ECLI:NL:CRVB:2013:BZ7290
Centrale Raad van Beroep
- Hoger beroep
- Rechtspraak.nl
Terugvordering bijstand en intrekking van bijstandsbesluiten wegens schending inlichtingenverplichting
In deze zaak heeft de Centrale Raad van Beroep op 16 april 2013 uitspraak gedaan in hoger beroep tegen de rechtbank Amsterdam. De appellant, [A. te B.], had hoger beroep ingesteld tegen de besluiten van het college van burgemeester en wethouders van Amsterdam, die de bijstand van appellant en zijn echtgenote had ingetrokken en de gemaakte kosten van bijstand had teruggevorderd. De intrekking van de bijstand was gebaseerd op een melding dat appellant en zijn echtgenote jarenlang zwart werkten als schoonmakers. De sociale recherche voerde een uitgebreid onderzoek uit, inclusief dossieronderzoek, observaties, en verhoren, wat leidde tot de conclusie dat appellant en zijn echtgenote hun inlichtingenverplichting hadden geschonden door geen melding te maken van hun werkzaamheden.

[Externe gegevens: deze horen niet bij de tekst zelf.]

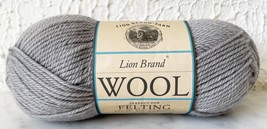 Lion Brand Wool Perfect for Felting 1005 Wool Yarn - 1 Skein Pearl Gray #149 - £7.39 GBP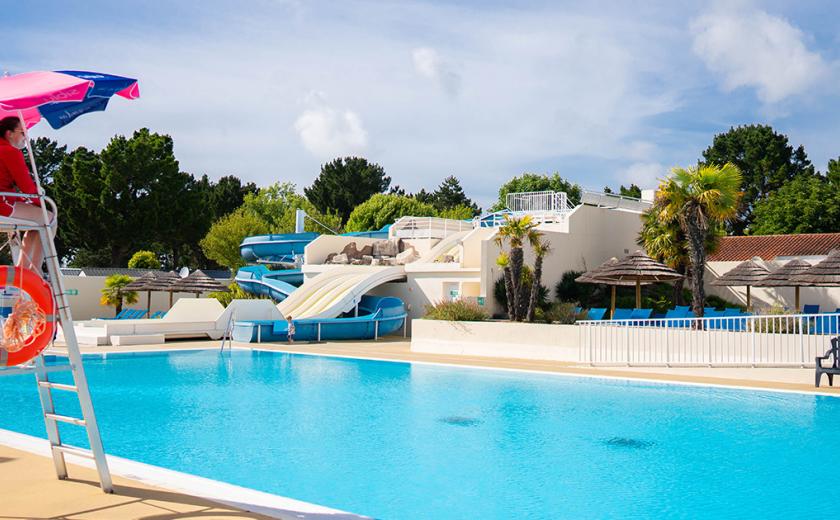 Piscine extérieure et toboggans au Bois Masson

De Raad bevestigde dat de besluiten van het college in rechte onaantastbaar waren geworden en dat de hoogte van de inkomsten oncontroleerbaar was door het ontbreken van een deugdelijke administratie. De Raad oordeelde dat de gedingstukken voldoende bewijs boden voor de stelling van het college dat appellant en zijn echtgenote vanaf 1 januari 1998 inkomsten uit hun werkzaamheden hadden genoten. De Raad concludeerde dat er geen recht op bijstand meer kon worden vastgesteld en dat de terugvordering van de bijstandsuitkeringen gerechtvaardigd was.
De uitspraak benadrukt het belang van het naleven van de inlichtingenverplichting door bijstandsontvangers en de gevolgen van het niet voldoen aan deze verplichting. De Centrale Raad van Beroep bevestigde de eerdere uitspraak van de rechtbank en verklaarde het hoger beroep van appellant ongegrond.